= List of constitutions of France =

The constitutions of France are the various foundational texts that have organized the institutions of France at different periods of its history. These may be known under various names – constitution, charter, constitutional laws or acts – and take precedence over other legislative texts. (Note: Precedence of constitutional texts over others may be viewed as the hierarchy of norms.)

The constitutional text currently in force in France is the constitution of 1958, which founded the Fifth Republic.

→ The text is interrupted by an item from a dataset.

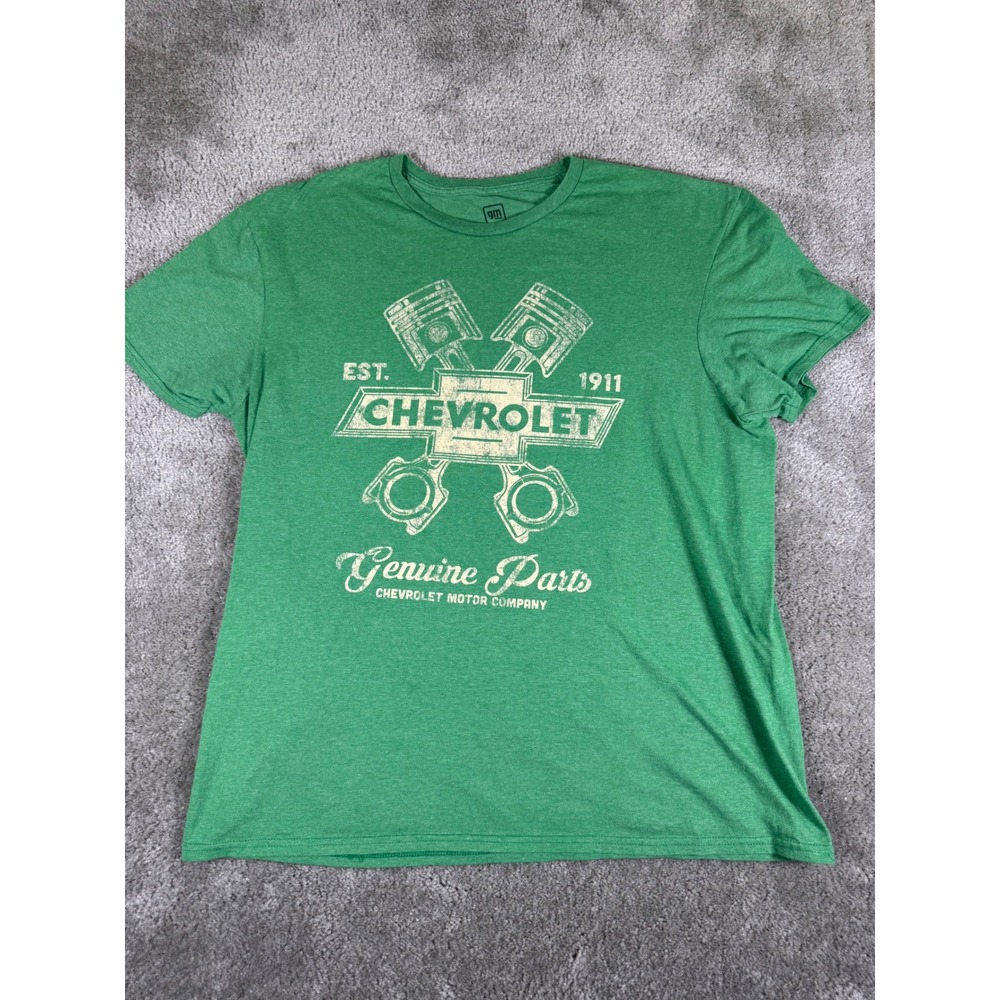 Chevrolet Genuine Parts T-Shirt Mens XL Green Heather GM Licensed Graphic Tee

It was approved by the people in a referendum on 28 September 1958, and officially promulgated on 4 October that year.

== History ==
The constitutional history of France is made up of many changes that have led to experimentation with a large number of political regime types since the French Revolution, ranging from an assembly regime (such as the National Convention) to reactionary dictatorship (such as the Vichy regime).

== Precursors ==

The Kingdom of France, under the Ancien Régime, was an absolute monarchy and lacked a formal constitution; the regime essentially relied on custom. That said, certain rules known as the fundamental laws of the Kingdom were outside the power of the monarch to change without further consent. These rules were mainly about the inheritance of the Crown, which required strict primogeniture unless the heir was not Catholic, and from the Treaty of Troyes onward was strictly agnatic (male-only) as well. The Parlement of Paris, a primarily judicial body with quasi-legislative functions that was tasked with applying the fundamental laws, rarely brooked modification of the laws. For instance, Louis XIV tried by his will and testament to change the inheritance order, but the Parlement annulled it. On the other hand, the law was occasionally changed, as when the provisions of the Peace of Utrecht renouncing the claim of Louis XIV's grandson Philippe to inherit the throne of France were approved to allow him to inherit the throne of Spain.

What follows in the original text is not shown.